Une jeune fille retombe lourdement sur le sol. Elle ne proteste pas, elle sait que c'est la punition pour avoir tenté de s'enfuir. Déjà blessée quand ils l'ont rattrapée, elle ne peut plus se défendre contre les coups qui pleuvent sur elle depuis une éternité. Mais cela ne lui importe pas. Elle sait que les deux autres sont sains et saufs. Elle reçoit un autre coup au ventre. Elle ne crie pas, n'a plus la force pour ça. Elle attend la fin. Mais elle sait que celle-ci ne viendra pas tout de suite.

Allongée par terre, dans la cour intérieure de la maison de jade, ainsi appelée de par sa matière de construction, entourée des autres filles de la maison, elle sait que sa correction servira d'exemple pour toutes.

Le voile qui lui masque le visage tombe, révélant son visage à toutes les personnes présentes. Les filles retiennent leur souffle. C'est la première fois qu'elles la voient sans. Des chuchotements se répandent.

Une voix s'élève, faisant taire immédiatement toutes les personnes présentes, même les gardiens.

«- Tu as voulu t'enfuir, en emmenant ta servante et ton fils. Cet acte mérite punition. Tu as bravé les lois, assume les conséquences. Mais avant, réponds-moi. Où est passé la servante et ton fils ? Où sont-ils ?

- Je ne sais pas.» Le sang lui coule dans les yeux, sur son bras blessé, jusqu'à tomber par terre en petites gouttes. Elle entend le petit flop de chaque goutte. Elle sait qu'elle en a perdu trop.
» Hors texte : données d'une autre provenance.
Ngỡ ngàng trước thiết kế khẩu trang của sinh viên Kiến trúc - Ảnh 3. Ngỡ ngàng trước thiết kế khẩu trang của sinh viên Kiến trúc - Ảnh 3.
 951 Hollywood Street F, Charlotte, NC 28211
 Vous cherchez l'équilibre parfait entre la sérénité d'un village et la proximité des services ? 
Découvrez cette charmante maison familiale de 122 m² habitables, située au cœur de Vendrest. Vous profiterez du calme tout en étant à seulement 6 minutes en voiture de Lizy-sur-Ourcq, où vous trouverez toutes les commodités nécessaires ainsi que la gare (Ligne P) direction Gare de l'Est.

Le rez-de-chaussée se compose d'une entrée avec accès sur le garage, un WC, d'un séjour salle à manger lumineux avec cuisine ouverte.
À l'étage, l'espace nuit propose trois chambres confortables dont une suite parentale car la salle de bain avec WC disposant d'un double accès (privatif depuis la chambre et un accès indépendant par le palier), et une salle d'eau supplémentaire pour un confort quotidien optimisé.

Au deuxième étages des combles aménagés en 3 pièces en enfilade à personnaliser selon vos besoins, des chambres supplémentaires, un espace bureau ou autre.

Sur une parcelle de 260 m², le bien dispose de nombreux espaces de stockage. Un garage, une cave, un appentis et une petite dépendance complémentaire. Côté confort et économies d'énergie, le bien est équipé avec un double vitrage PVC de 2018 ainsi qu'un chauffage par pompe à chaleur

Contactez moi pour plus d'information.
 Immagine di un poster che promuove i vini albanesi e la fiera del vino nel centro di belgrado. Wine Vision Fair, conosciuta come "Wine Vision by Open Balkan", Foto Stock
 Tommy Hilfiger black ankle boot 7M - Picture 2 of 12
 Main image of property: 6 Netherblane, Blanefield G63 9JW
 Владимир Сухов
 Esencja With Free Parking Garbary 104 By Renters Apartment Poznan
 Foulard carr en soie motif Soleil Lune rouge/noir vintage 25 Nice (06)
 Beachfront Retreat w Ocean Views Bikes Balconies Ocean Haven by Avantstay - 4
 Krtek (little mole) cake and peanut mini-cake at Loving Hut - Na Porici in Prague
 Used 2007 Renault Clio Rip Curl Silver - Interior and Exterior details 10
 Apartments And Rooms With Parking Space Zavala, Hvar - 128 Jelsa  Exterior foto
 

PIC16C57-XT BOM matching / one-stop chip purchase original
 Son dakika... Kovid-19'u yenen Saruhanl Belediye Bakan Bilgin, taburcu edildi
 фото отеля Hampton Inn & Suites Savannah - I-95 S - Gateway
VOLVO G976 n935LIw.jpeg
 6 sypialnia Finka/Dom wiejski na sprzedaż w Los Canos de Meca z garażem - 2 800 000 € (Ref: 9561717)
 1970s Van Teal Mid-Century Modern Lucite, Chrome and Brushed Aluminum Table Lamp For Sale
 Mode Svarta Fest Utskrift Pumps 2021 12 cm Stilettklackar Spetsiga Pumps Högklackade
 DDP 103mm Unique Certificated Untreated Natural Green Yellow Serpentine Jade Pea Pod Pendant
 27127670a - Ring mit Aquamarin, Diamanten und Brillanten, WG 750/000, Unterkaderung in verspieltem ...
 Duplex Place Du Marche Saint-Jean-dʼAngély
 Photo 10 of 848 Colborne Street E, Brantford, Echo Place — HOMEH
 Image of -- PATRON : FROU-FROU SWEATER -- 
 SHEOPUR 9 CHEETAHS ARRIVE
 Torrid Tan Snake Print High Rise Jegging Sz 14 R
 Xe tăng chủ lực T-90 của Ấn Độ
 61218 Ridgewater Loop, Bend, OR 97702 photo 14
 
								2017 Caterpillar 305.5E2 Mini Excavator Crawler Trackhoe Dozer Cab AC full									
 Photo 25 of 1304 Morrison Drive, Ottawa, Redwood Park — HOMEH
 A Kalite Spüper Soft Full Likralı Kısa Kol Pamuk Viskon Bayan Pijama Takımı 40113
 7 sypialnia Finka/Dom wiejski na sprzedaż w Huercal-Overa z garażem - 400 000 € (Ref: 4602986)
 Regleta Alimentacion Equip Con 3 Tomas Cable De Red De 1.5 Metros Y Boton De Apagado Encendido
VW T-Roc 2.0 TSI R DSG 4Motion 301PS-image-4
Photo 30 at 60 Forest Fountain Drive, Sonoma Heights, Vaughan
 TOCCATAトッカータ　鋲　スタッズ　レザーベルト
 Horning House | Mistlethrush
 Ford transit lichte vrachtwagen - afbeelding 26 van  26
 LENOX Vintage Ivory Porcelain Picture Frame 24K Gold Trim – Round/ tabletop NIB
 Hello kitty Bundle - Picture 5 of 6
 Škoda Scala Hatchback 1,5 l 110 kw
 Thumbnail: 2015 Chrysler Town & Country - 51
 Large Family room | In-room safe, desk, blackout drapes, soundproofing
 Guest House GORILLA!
«- Tu mens !» la voix se fait accusatrice.

«- Pourquoi mentirais-je ? Je lui ai dit de partir, en emmenant mon fils. Elle sait comment faire. Et j'ai confiance en elle. Ils ne reviendront pas.

- Que lui as-tu dit ? RÉPONDS !

- …

- Tu fais ta forte tête ? Voyons si tu résisteras plus que lui.»

Elle lève la tête pour voir, les mains clouées sur une planche, Axel, le chef de ses gardes. Des blessures de toutes sortes parcourent son corps recouvert d'un simple pagne, malgré la froideur de l'aube. Le jeune homme, un athlète aux cheveux sombres et aux yeux noirs, est inconscient.

Deux gardes la saisissent et la lient à côté du jeune homme. Elle le regarde, l'appelle, mais devant le manque de réaction, elle ne peut qu'accepter le fait qu'il soit trop tard pour lui. La voix reprend, accusatrice, grave, un peu folle.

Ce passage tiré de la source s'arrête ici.